Contest Prep Pro Tips So You Shine on Stage
Contest prep pro tips can be found on any fitness web site these days. However, how helpful and real are those tips? Are they really getting to the meat of what it takes to get super-defined? Do they tell you to eat clean, plan your meals, exercise regularly, etc.? If so, you are only being given a portion of the story. The easy stuff.
The truth is, many people don’t want to know what it REALLY takes to get into contest condition. The truth is, the more structured and strict you are, the better condition you will be in. Plain and simple. Below are a few of the REAL contest prep pro tips. If you follow them, you will be lean, conditioned, and very competitive.
Contest Prep and Traveling
If you love traveling, then do it in the off-season. Oh, news flash. Off-season is a real thing, regardless of what all the meme’s read online. So, can you travel during your 12 weeks of contest prep? Sure you can. Can it affect your rate of fat loss and water balance? Of course it can. Very few competitors can travel and make competing work. Very few can contest diet and contest train during travels. If you can travel and diet and train, then you are the few percent and that’s great. If you cannot stay focused and on track when traveling, then don’t travel during contest prep.

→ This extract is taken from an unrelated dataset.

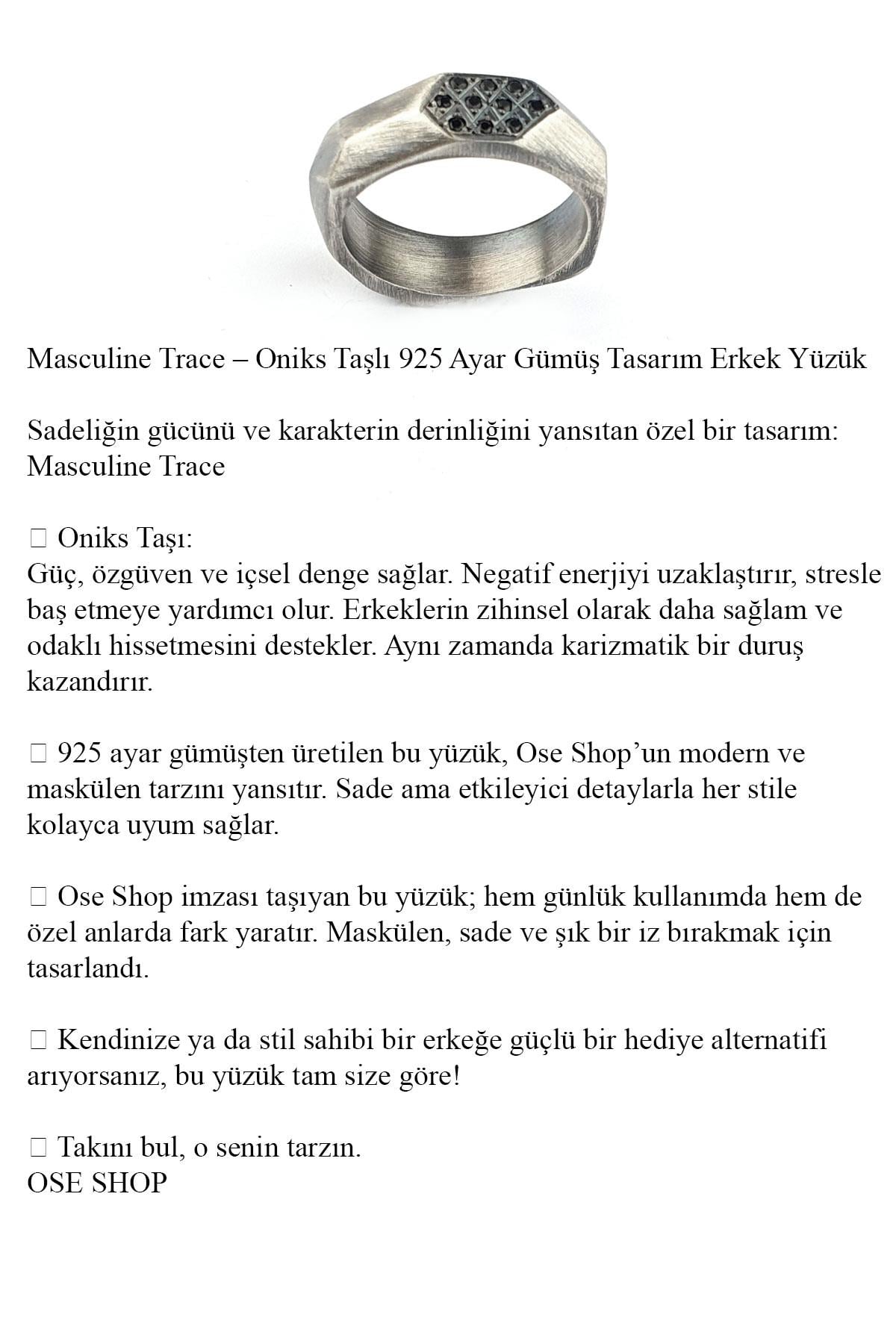 Masculine Trace Oniks Taş Detaylı 925ayar Gümüş Tasarım Erkek Yüzük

For most people, when they travel they relax a bit more, they snack or eat out in restaurants or eat fast food. These are not ideal tactics to indulge in during contest prep. Any unscheduled food can wreck havoc of a physique that needs to get into the single digits and be be judged on stage.
Flying can cause water retention. Changes in cabin pressure and sitting for an extended period of time may cause your body to hold on to water. This is why many professional competitors fly to the venue 2-3 days before their competition, to allow time to remove the water retention caused by flying.
Cheat Meals
Want to be in condition? You can cheat, but you cannot have any unscheduled cheat meals. Confused yet? So here’s the deal, you can take one cheat meal once a week. This one cheat meal must fall on the same day each week. If you choose Sunday as your cheat day, you must take your cheat day every Sunday. You cannot change each week or two from Saturday to Sunday. Choose one day and stick with it, no matter what.

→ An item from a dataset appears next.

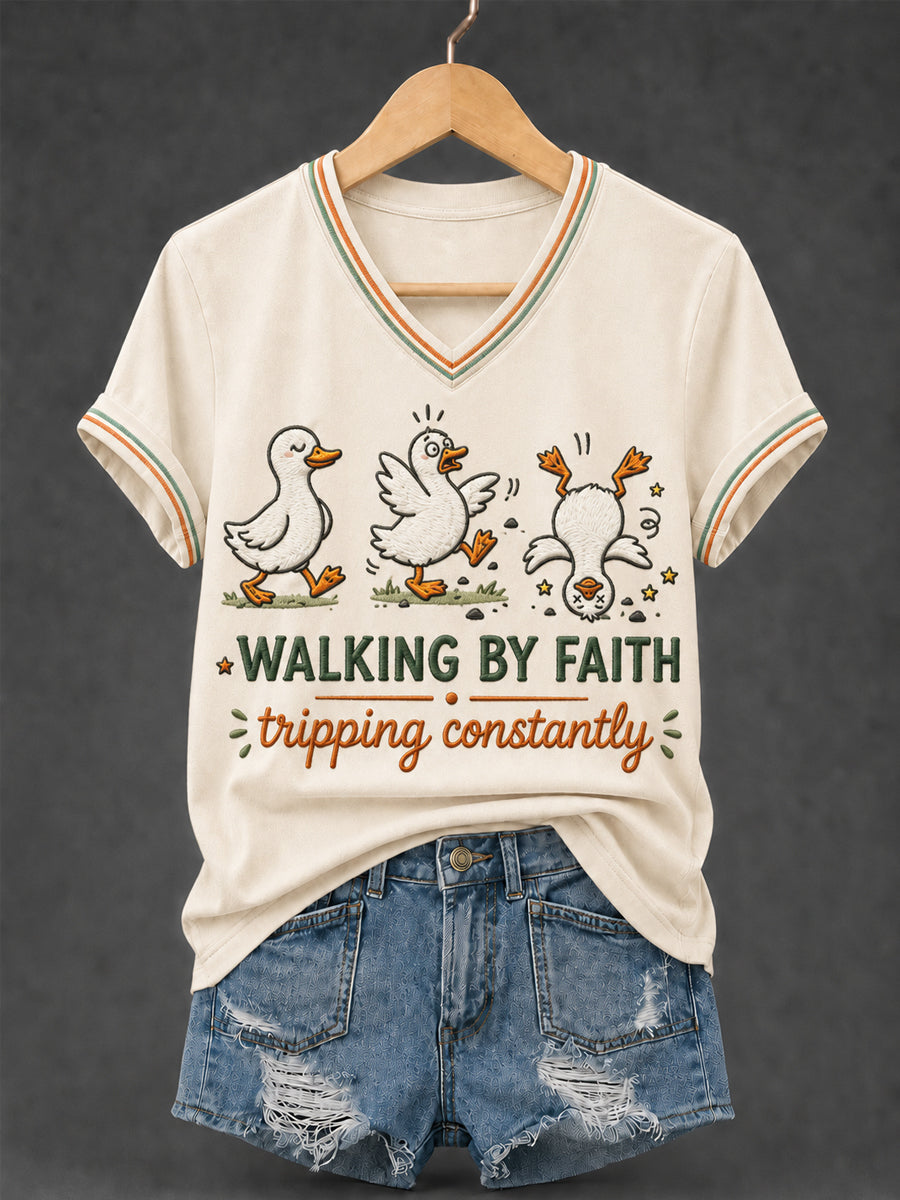 Women's Walking by Faith Tripping Constantly Goose Print Christian Inspirational V-Neck Tee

Does it really matter if the day changes each week? Yes it does because you want to train your body when to receive quality meals and when to receive a cheat meal. In order to train you have to get on a plan and follow it, no matter what. When you start changing your days out for whatever reason, it quickly gets you off track, focus and diet-wise.

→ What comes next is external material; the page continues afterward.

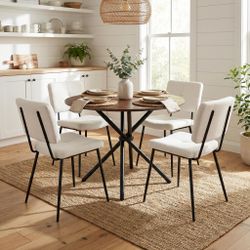 Fontana 5 Piece Brown Dining Table Set with 4 Pomona Upholstered Chairs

Your contest diet should be set on autopilot. If it’s time to eat a quality meal, you eat a meal, no matter what. If it’s time to eat a cheat meal, you eat a cheat meal. Do NOT start your cheat day early and do NOT allow it to bleed into the next day. That is not how pros prep.
Avoid Exsiccosis
Avoid this condition at all cost during your prep. What is exsiccosis? It’s simply dehydration. Drink your water, and drink at lot. Many bodybuilders and competitors drink up to a gallon of water a day. This is to keep the kidneys flushed because eating a lot of protein is hard on the kidneys. Keep you water intake high, and you’ll be fine.
A hydrated muscle is a strong muscle. Keep properly hydrated for great lifts in the gym. In addition, staying well-hydrated also prevents water retention and helps to flush fat and toxins out of the body. The only time you tinker with dehydration is the day before and the day of your contest. This is a very short amount of time. Even so, you still need to be cautious and keep your minerals in check.
Eat Like Clockwork
Eat all meals on time. This means eat on time, every time it’s time to eat. No ifs, ands or buts. I don’t care if the moon is turning green. If it’s time to eat, you eat. Skipping meals is unacceptable. It sounds so minor, but nutrition is the foundation of building a great body. You are actually better off missing training than to miss a meal.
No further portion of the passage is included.